问题：统计一个网站的日活跃度、周活跃度、月活跃度。
数据格式如下：

[时间][用户ID][操作数名称][其他参数]...

Shell

在小量数据的情况下，我们可以使用Shell或者Python直接进行统计：
某天的访问日志文件“access.log”shell计算日活跃度：

cat access.log | awk '{print $2}' | sort | uniq | wc -l

这行命令，使用awk把access.log中的第二列过滤出来，然后sort排序，再经过uniq命令处理去重，最后用wc命令计算行数，就是日活跃度。
同时，我们可以计算a和b两个文件的并集，输出到a_b.union：

cat a b | sort | uniq | > a_b.union

计算交集(uniq -d命令表示：只打印相邻重复行)：

cat a b | aort | uniq -d > a_b.intersect

计算差集(a-b)：

cat a_b.union b | sort | uniq -u >a_b.diff

其中uniq -u 把相邻没有重复的数据打印出来。

计算用户的留存率，先将用户两天的数据去重，计算第一天和第二天的交集中的用户数，除以第一天的去重后的用户数量就是留存率。
下面是计算两天的用户交集数量

cat uniq_day_1.log uniq_day_2.log | awk '{print $2}' | sort | uniq -d | wc -l

Python

我们也可以通过Python脚本来处理用户数据，计算留存率：

#coding = utf-8

def count():
    set_1 = set()
    set_2 = set()
    with open(r'access1.log',encoding='utf-8') as f:
        for line in f:
            set_1.add(line.split(" ")[1])

    with open(r'access2.log',encoding='utf-8') as f:
        for line in f:
            set_2.add(line.split(" ")[1])

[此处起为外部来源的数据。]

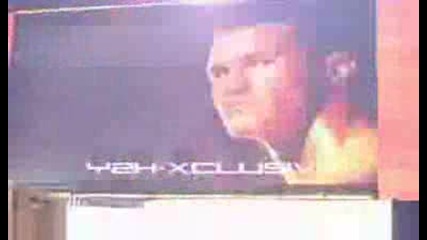 Randy Orton New Tron (2009).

    tmp = set_1.intersection(set_2)
    print((len(tmp)/len(set_1)))
    return

if __name__ == '__main__':
    count()

Python里面的set集合可以很方便的去重，进行集合的各种操作参考Python 集合set操作

MapReduce

在海量数据的情况下，我们使用Hadoop/Spark等大数据计算框架来解决这个问题。MapReduce是Hadoop的计算框架，流程如下图所示：
这里写图片描述
在上面计算留存率的例子上，我们用MapReduce的思想可以进行设计：
1.Map阶段，需要将用户数据读入，进行排序分区。Map的输入是

public class MapperRate extends Mapper<LongWritable, Text, Text, Text> {

    public void map(LongWritable ikey, Text ivalue, Context context) throws IOException, InterruptedException {

        String[] line = ivalue.toString().split(" ");
        if(line.length == 2)
            context.write(new Text(line[0]), new Text(line[1]));

    }

}

public class ReduceRate extends Reducer<Text, Text, Text, Text> {

    private byte[] lock = new byte[1];

    private long num = 0;

    public void reduce(Text _key, Iterable<Text> values, Context context) throws IOException, InterruptedException {
        // process values
        boolean label = false;
        Iterator<Text> iter = values.iterator();
        while(iter.hasNext()) {
            Text q1 = iter.next();
            if(iter.hasNext()) {
                Text q2 = iter.next();
                if(!q1.equals(q2)) {
                    label = true;
                }
            }

        }
        if(label) {
            synchronized (lock){
                num++;
                context.write(new Text(String.valueOf(num)),_key);
            }
        }

    }

}